Selain berhaji, Idul Adha menjadi momentum setiap muslim untuk menyisihkan hartanya buat berkurban. Kebanyakan ibadah itu dilakukan oleh orang yang berkecukupan. Namun, Sahati, 68, tidak perlu menunggu kaya demi berkurban seekor kambing.
Mulvi Mohammad Noor, SUKABUMI
Melihat pekerjaan dan usianya, tidak ada yang menyangka bahwa Sahati, warga Kampung Kuta Lebak, RT 6 RW 5, Kelurahan Sriwidari, Kecamatan Gunung Puyuh, bisa menunaikan niatnya untuk berkurban. Hal tersebut memang beralasan. Mengingat, penghasilannya dari menjual plastik, botol, dan barang-barang bekas yang dikumpulkan tidak seberapa.
"Paling banyak Rp 12 ribu per minggu. Kalau dapet-nya sedikit atau harganya turun, malah cuma Rp 8 ribu," ujar nenek yang erat disapa Ceu Wati tersebut.
Padahal, untuk berkurban, Sahati harus membeli kambing atau sapi. Usia binatang itu pun harus lebih dari setahun untuk kambing dan dua tahun untuk sapi.
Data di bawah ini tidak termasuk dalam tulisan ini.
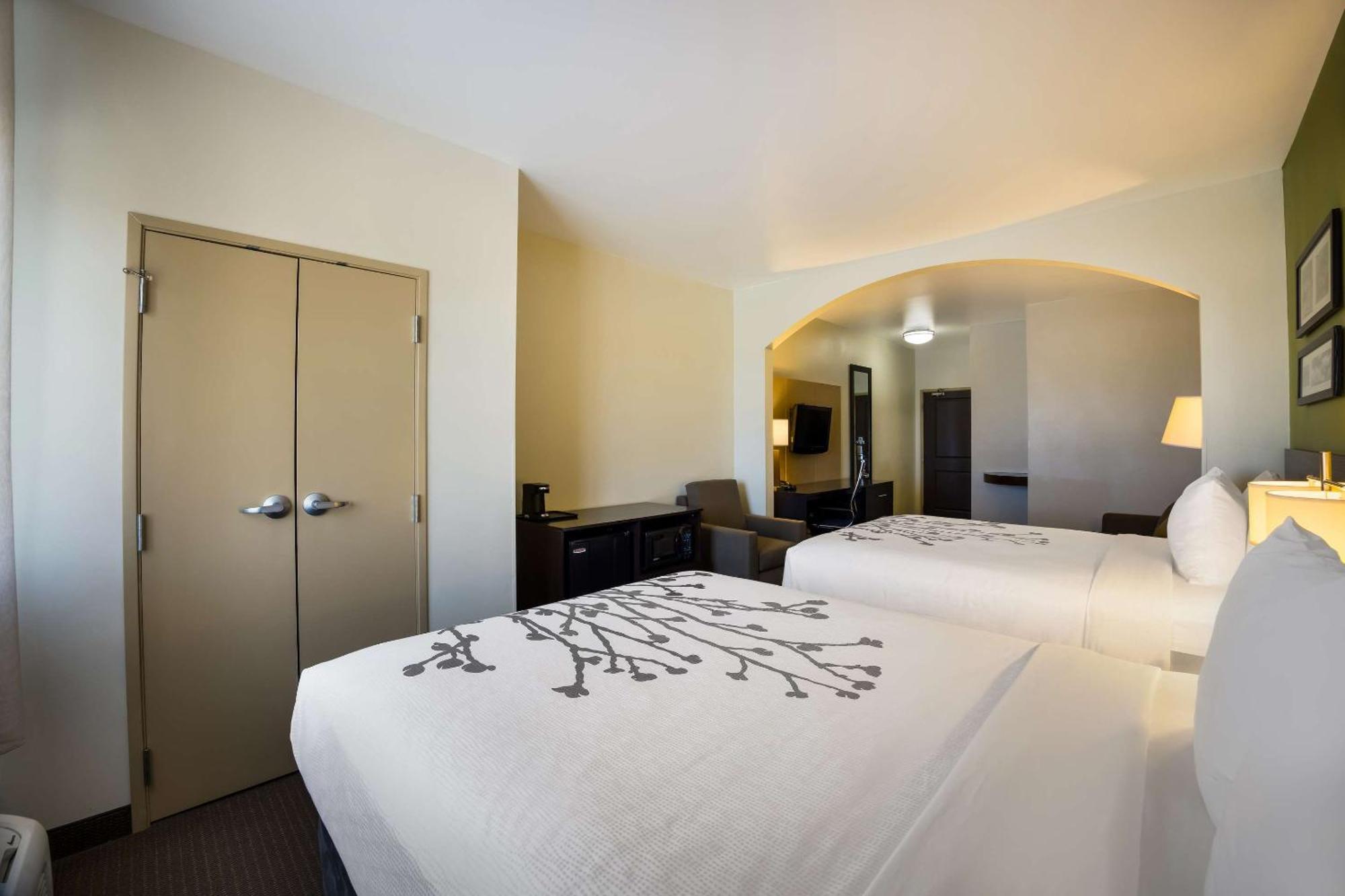 Sleep Inn & Suites Колби Екстериор снимка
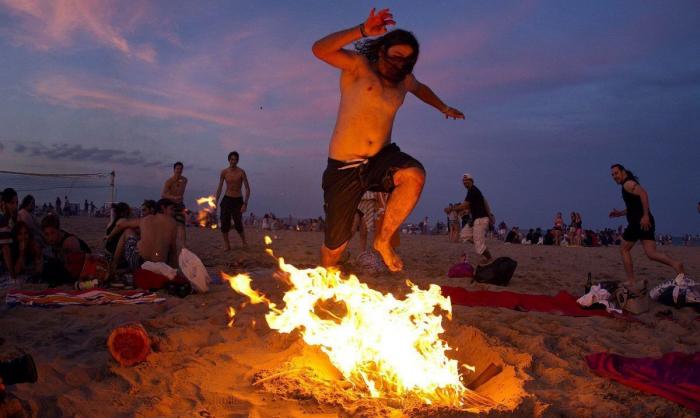 Noche de San Juan 2013: Las hogueras, en fotos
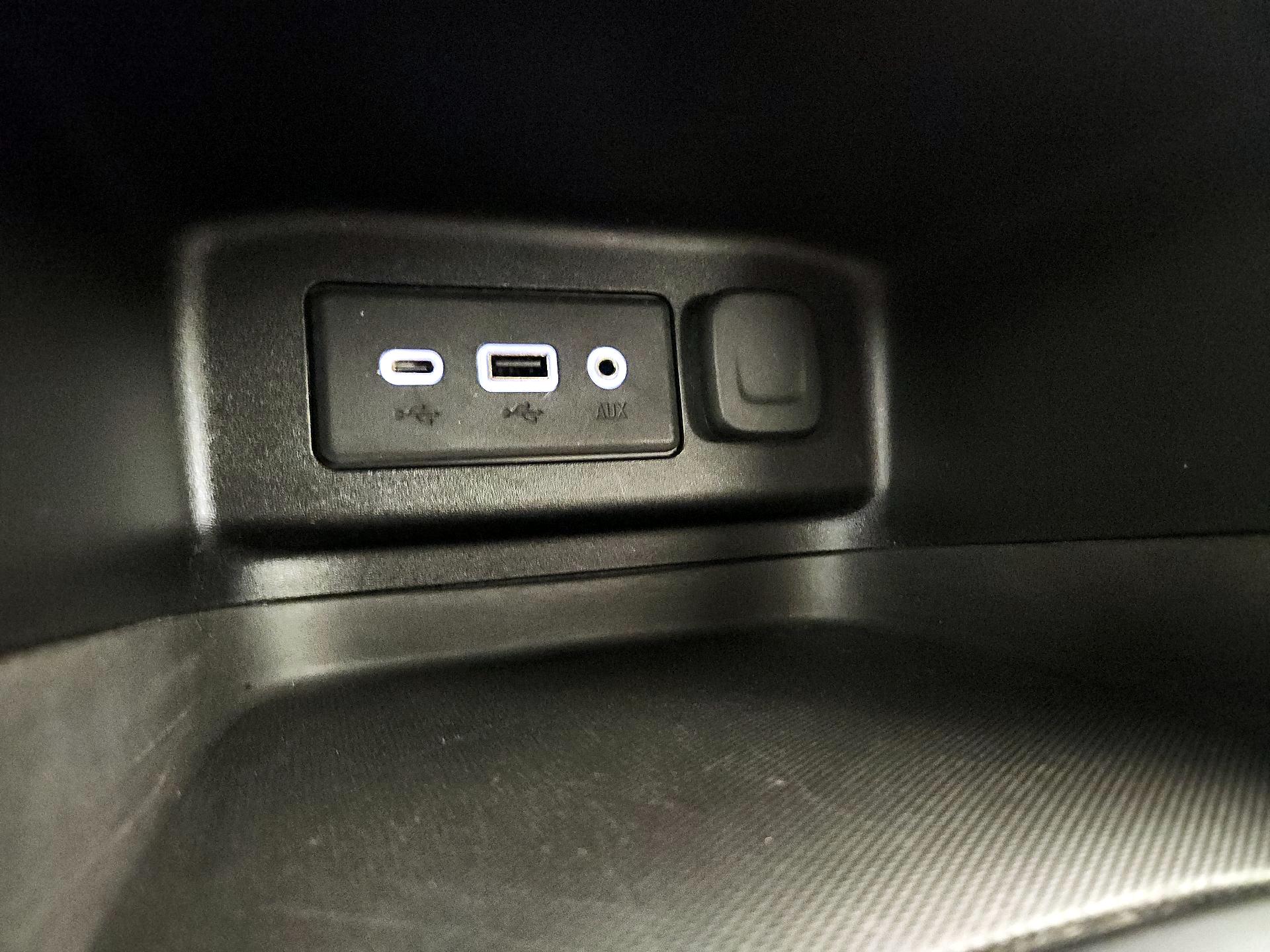 Thumbnail: 2019 Chevrolet Equinox - 18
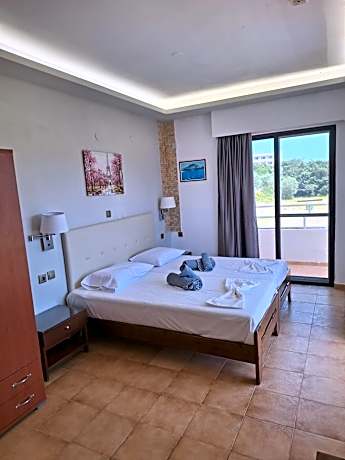 Studio (2 Adults)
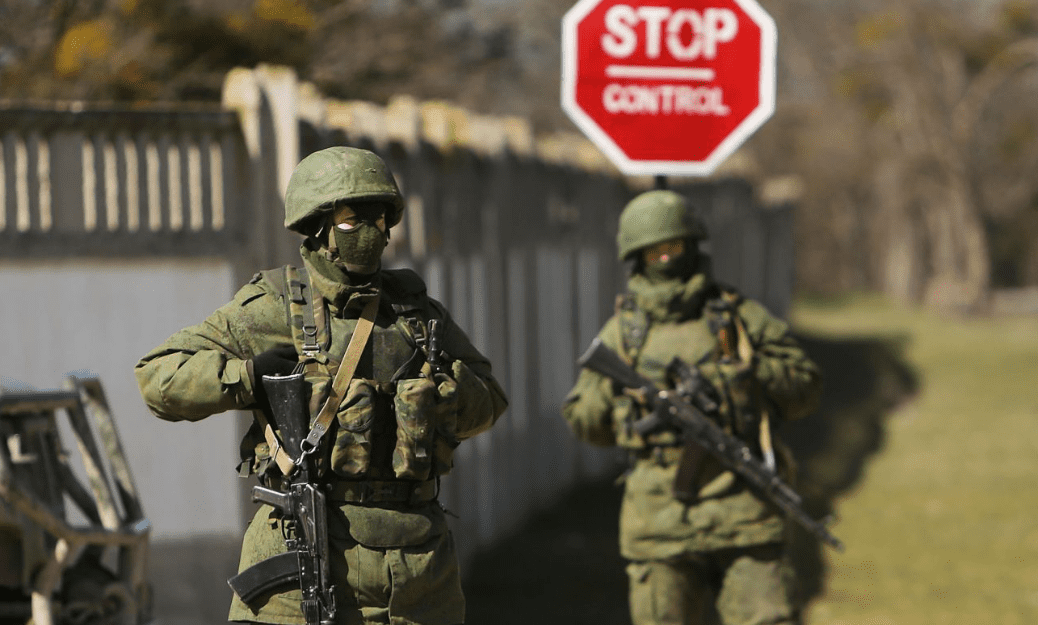 Колаборантів на Херсонщині змушують підписати зобов’язання щодо заборони на виїзд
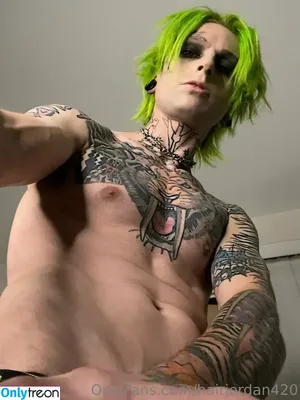 hairjordan420 / 1hairjordan nude photo #0013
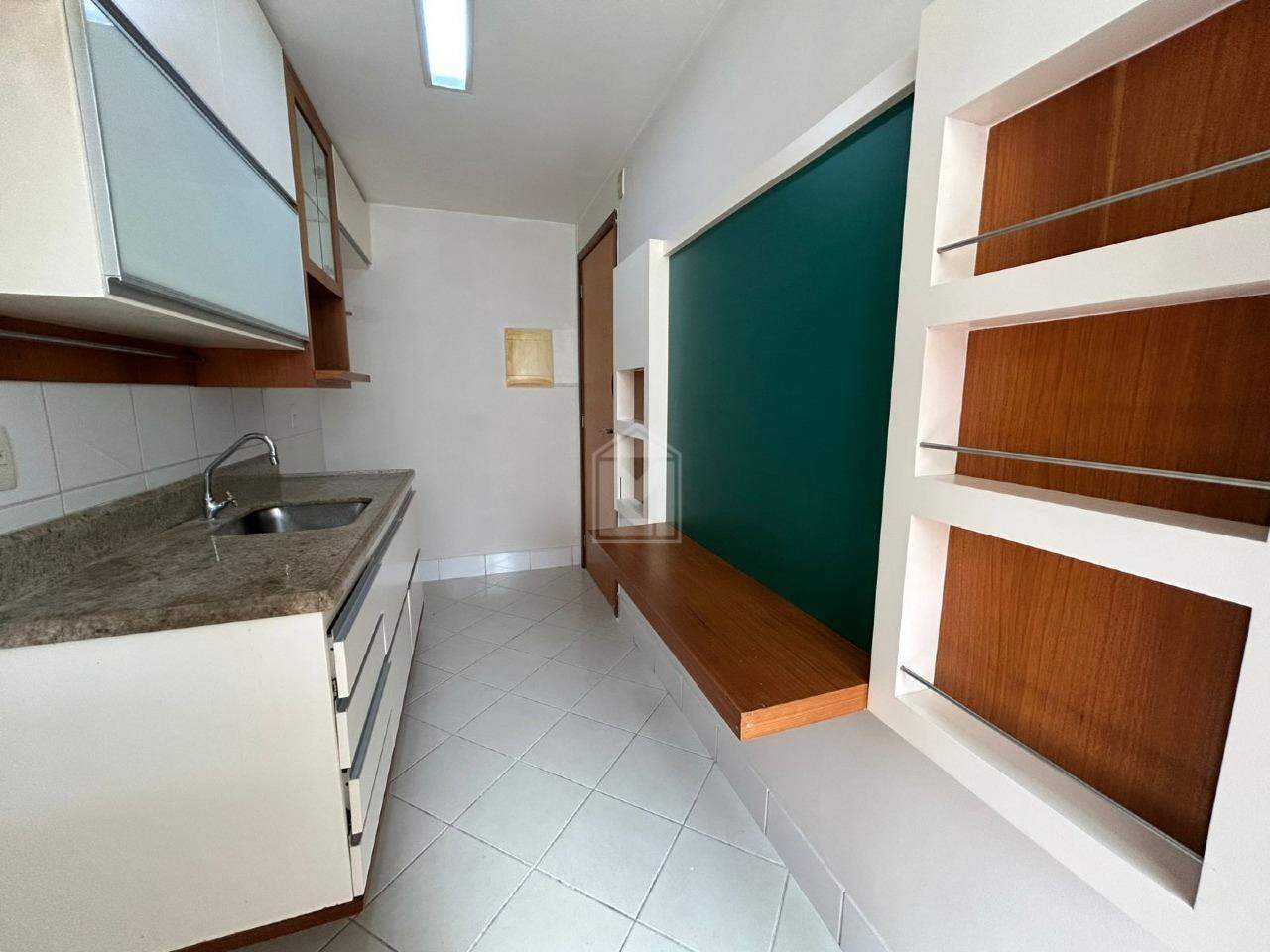 Apartamento à venda com 3 quartos, 95m² - Foto 6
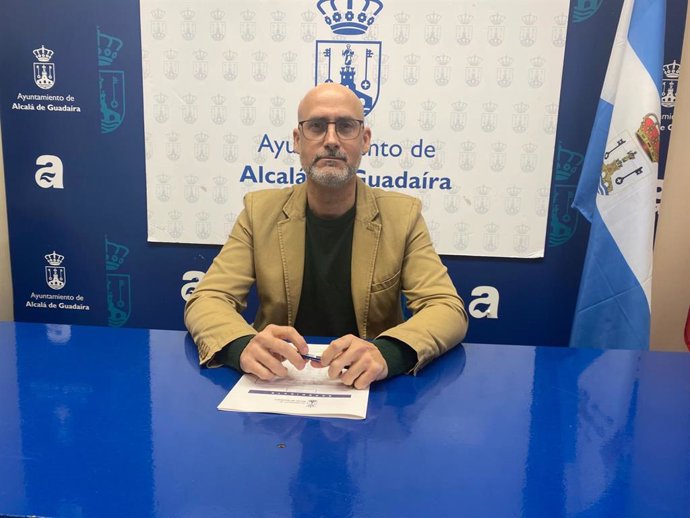 El delegado de Educación, Pablo Chain,  ha adelantado que la última Junta de Gobierno municipal ha aprobado la convocatoria de subvenciones.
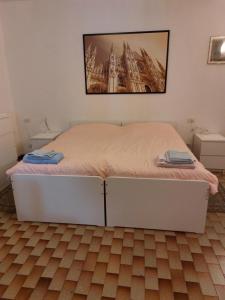 ミラノにあるFlat in Milan 3の壁に絵が描かれた部屋のベッド1台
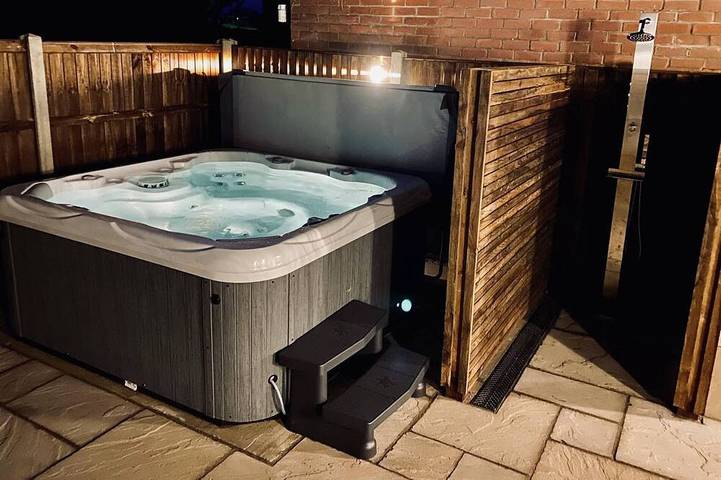 Holiday rental for 15 people, with hot tub and garden in Cromer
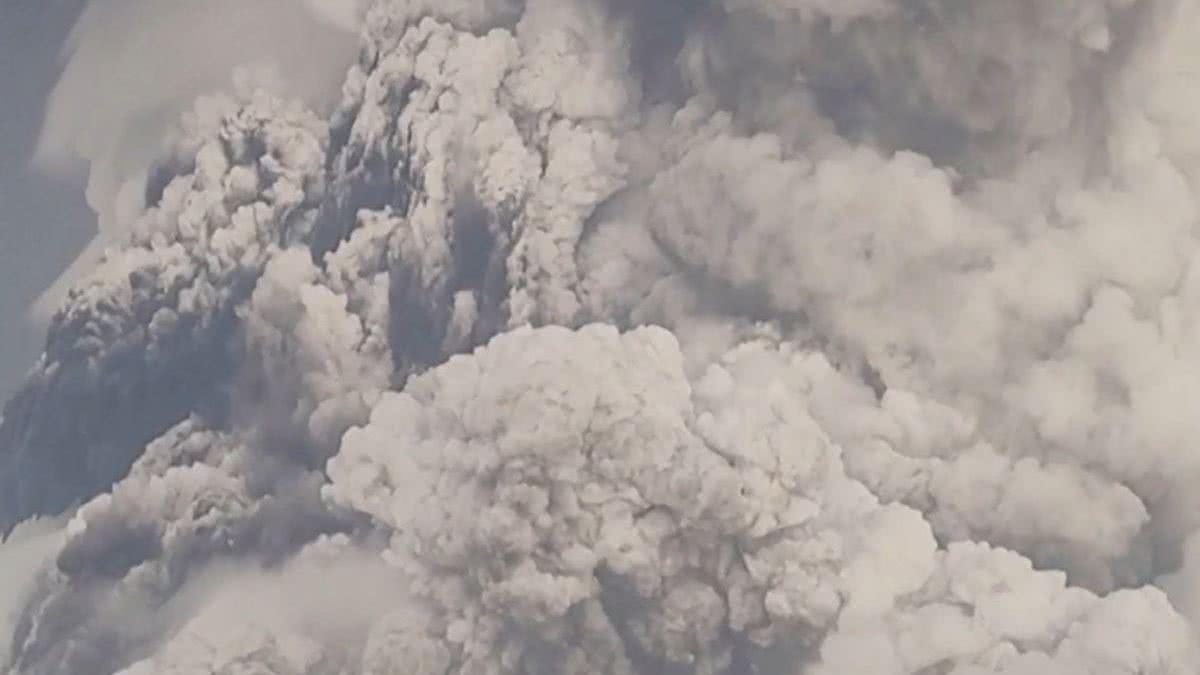 Destruição causada pela erupção do vulcão em Tamoa, que possui mais de 100 mil habitantes - Reprodução/TV Globo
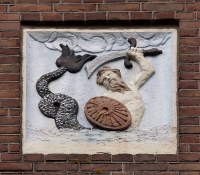 Зеериттер. Изображение на здании по адресу Entepotdok 26, Amsterdam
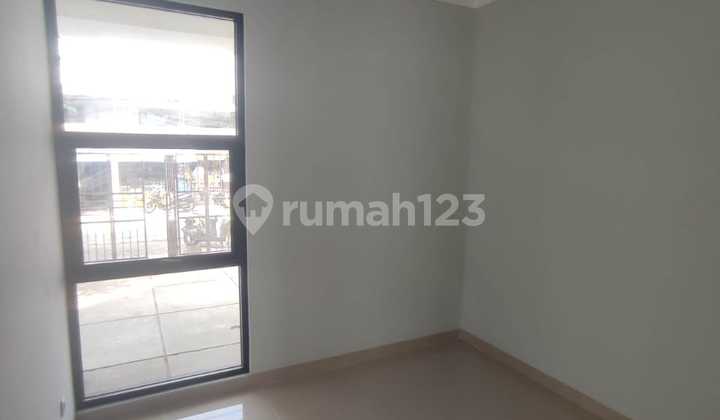 Rumah Siap Huni Dan Dekat Stasiun Bintaro  2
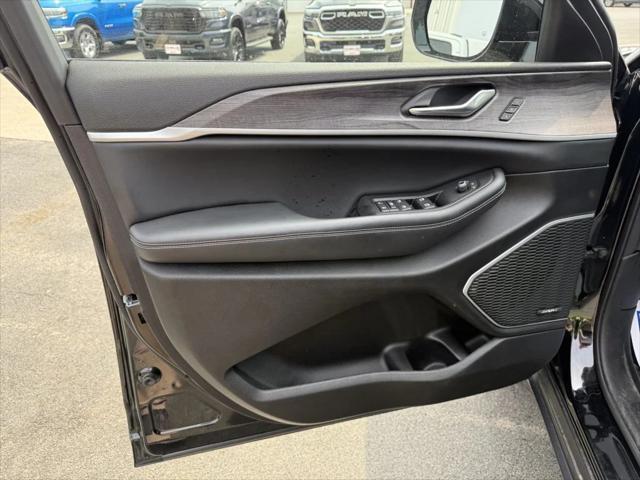 used 2022 Jeep Grand Cherokee car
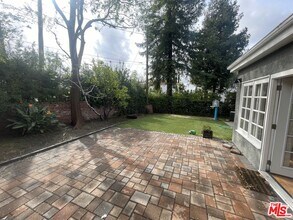 4160 Holly Knoll Dr in Los Angeles, CA - Building Photo - Building Photo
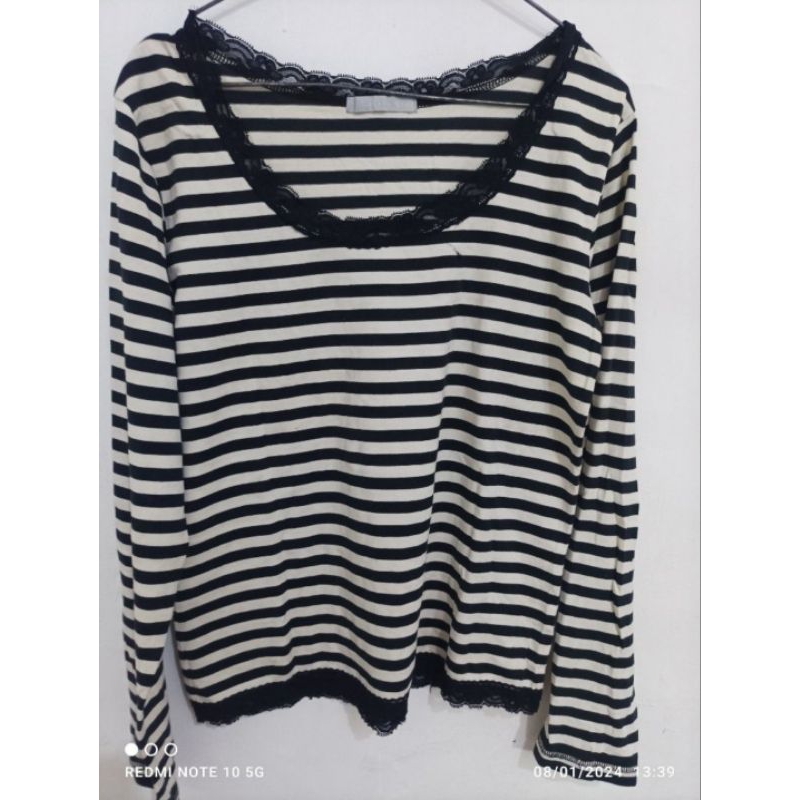 Kaos lengan panjang renda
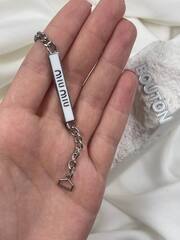 Вешалка петелька цепочка серебристая Миу. с белой эмалью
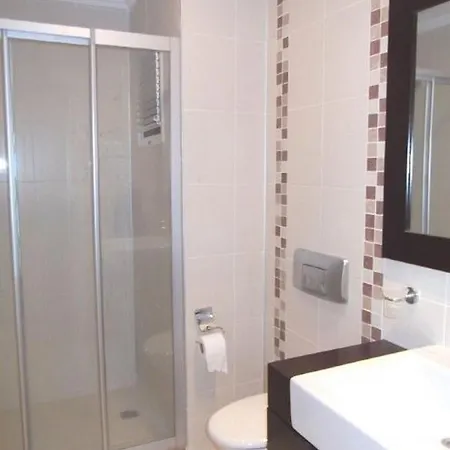 Lägenhet Mirage G 1 - Beautiful 2 Bedroomed Ground Floor Apartment Of Approx 1000 Sq Ft Side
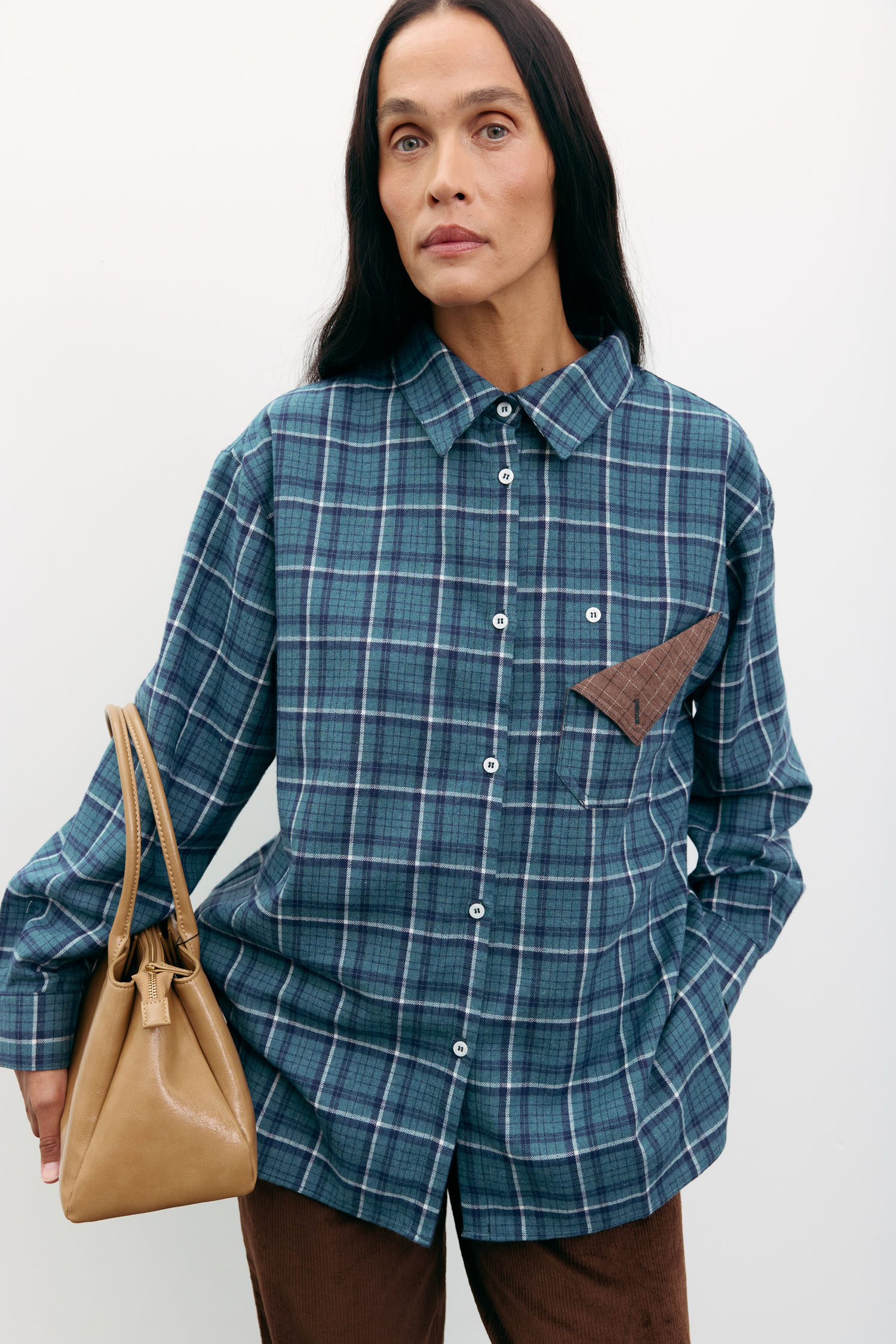 Сорочка в клітинку з декоративною кишенею зелена TLA_00003515, фото 1 Сорочка в клітинку з декоративною кишенею зелена TLA_00003515, фото 1 - в интернет магазине KAPSULA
Di pasaran, harga dua jenis binatang tersebut minimal Rp 1,5 juta hingga Rp 5 juta.
Awalnya, nenek berjulukan lengkap Sahati Wati tersebut tidak mengerti apa itu kurban. Sahati yang semasa mudanya tidak pernah mengenyam sekolah itu lantas bertanya-tanya kepada pemuka agama mengenai aturan kurban dan manfaatnya. Keterangan para kiai tersebut justru menciptakan niatnya semakin besar lengan berkuasa dan nrimo menyisihkan penghasilan demi melakukan kurban.
"Meskipun pemulung, nenek juga pengin masuk nirwana dan punya kendaraan di alam abadi nanti," tutur nenek tidak bercucu tersebut.
Untuk memenuhi cita-citanya itu, setiap pukul 06.00 Sahati berangkat dari rumah. Dengan baju kusam dan sandal jepit tipis, beliau berjalan kaki sekitar 10 kilometer menyusuri setiap sudut Jalan Sudirman di Sukabumi. Dia juga mampir ke bak-bak sampah dekat Terminal Sudirman dengan harapan menemukan botol, kardus, besi, dan plastik bekas yang dibuang orang.
Setiap hari tidak banyak barang bekas yang bisa dibawa pulang. Karena itu, Sahati harus mengumpulkannya lebih dulu selama seminggu sebelum menjualnya ke pengepul.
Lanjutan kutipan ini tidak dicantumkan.